Ghost models

I just don’t think the total addressable market for DMs is that big. P123 could try to scalp from other platforms based on features and designs wins. However, that list of competitors is very short.

This is why I applaud P123 steering towards providing AMs with a more complete set of AM tools. The AM market on the other hand, while facing its own set of competitive pressures, is still very large.

I’d love to someday open up my own family office. I imagine it be much easier if I could run investment research and investment operations from a single platform, which could very well be P123.

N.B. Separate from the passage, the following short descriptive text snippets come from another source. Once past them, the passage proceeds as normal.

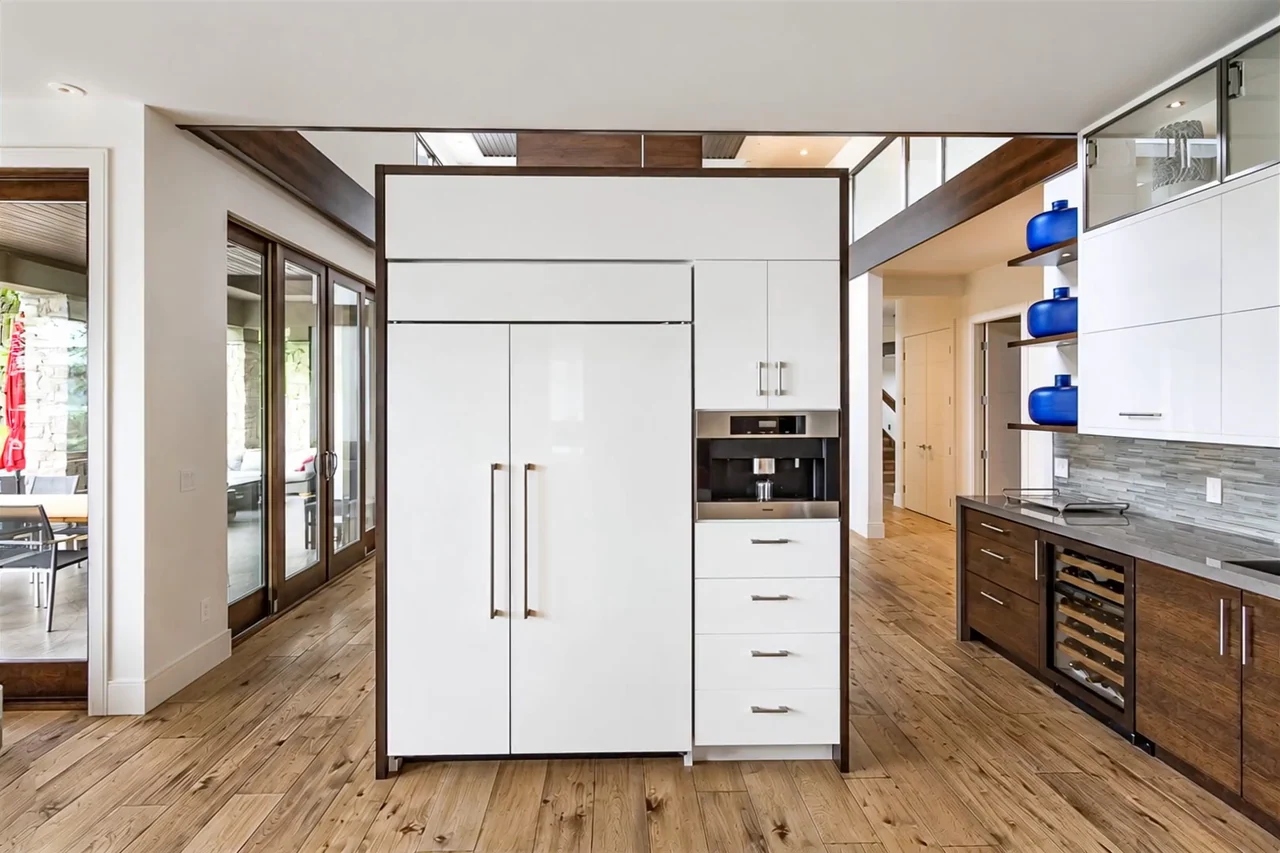 Finished residence — Kitchen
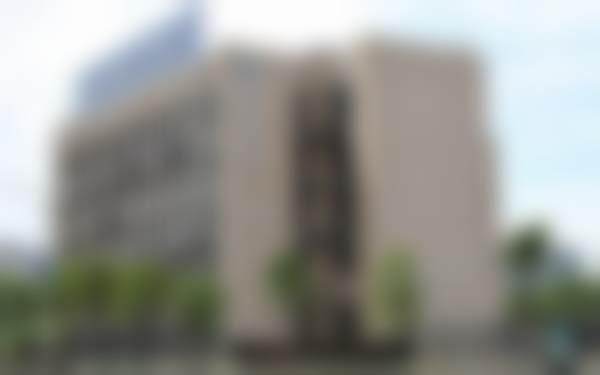 慈溪明康眼视光眼科医院地理位置便于到院。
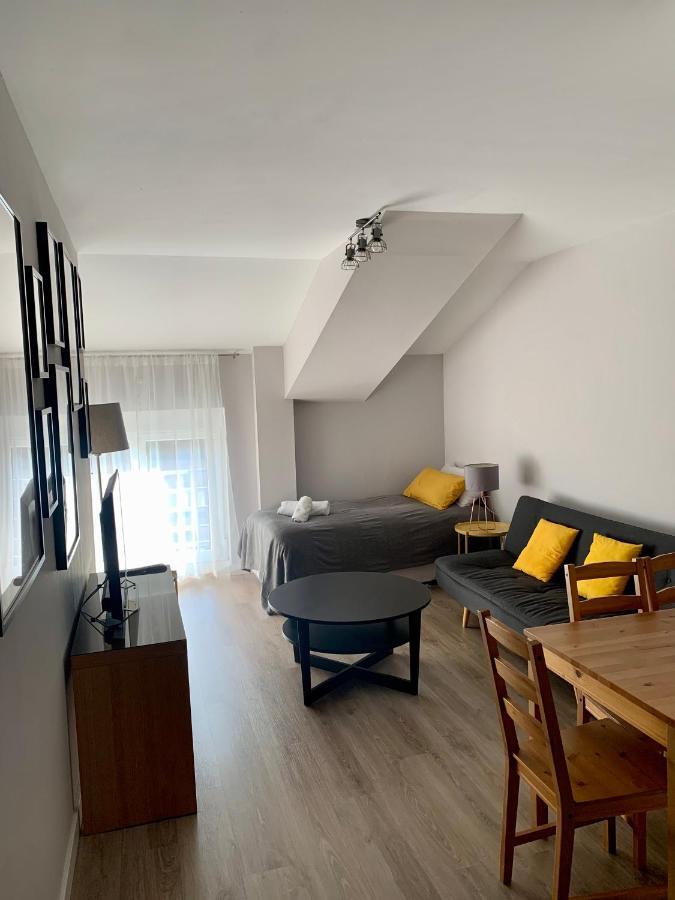 Acogedor Atico En El Centro Con Parking Apartamento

The early days of R2G indicated that there is a reasonable market for DMs. The problem is that we aren’t being provided with the tools to properly market the models. As a marketer, I need direct signup to any model by nonmembers of P123, I need to be able to embed current model performance (graph) on an external site, and be able to use affiliate link for any page on P123, not just the front page.

I agree with all of that. I just dug up a screen capture of a 2014 DM (not one of mine) that had 70 subscribers. So at one time, the marketplace was pretty active.

Tools for Designers to directly market their models is critical. I like the idea of direct signup and/or a P123 provide Designer landing page and/or P123 providing just backend services. Models like those found on allocatesmartly could probably be built on P123, but if they were offered as DMs they would quickly get lost in the hundreds of current offerings.

Also, I would like to see affiliates get 10% of DM revenues for authors willing to give up 10% to have others market their models. I would love to market the best DM models but I won’t do it for free.

This is a big question and one that Marco and I have and will continue to be thinking about.

We learned at the start that there was a market for this sort of thing but as had been discussed heavily in the forum, version 1 was way too curve-fitting friendly, and as many models faltered the way such models eventually do, subscrbers vanished en masse.

One person in this thread mentioned cost. Yes, absolutely! Pricing by many designers is unreasonably high. A while ago I suggested that designers try to envision how much money a user might invest in designer models, imagine how many models, and how much they might attract. Then, multiply the monthly charge to infer an annual %. I’m not sure anyone did this because if they did, they’d be shocked into slashing prices.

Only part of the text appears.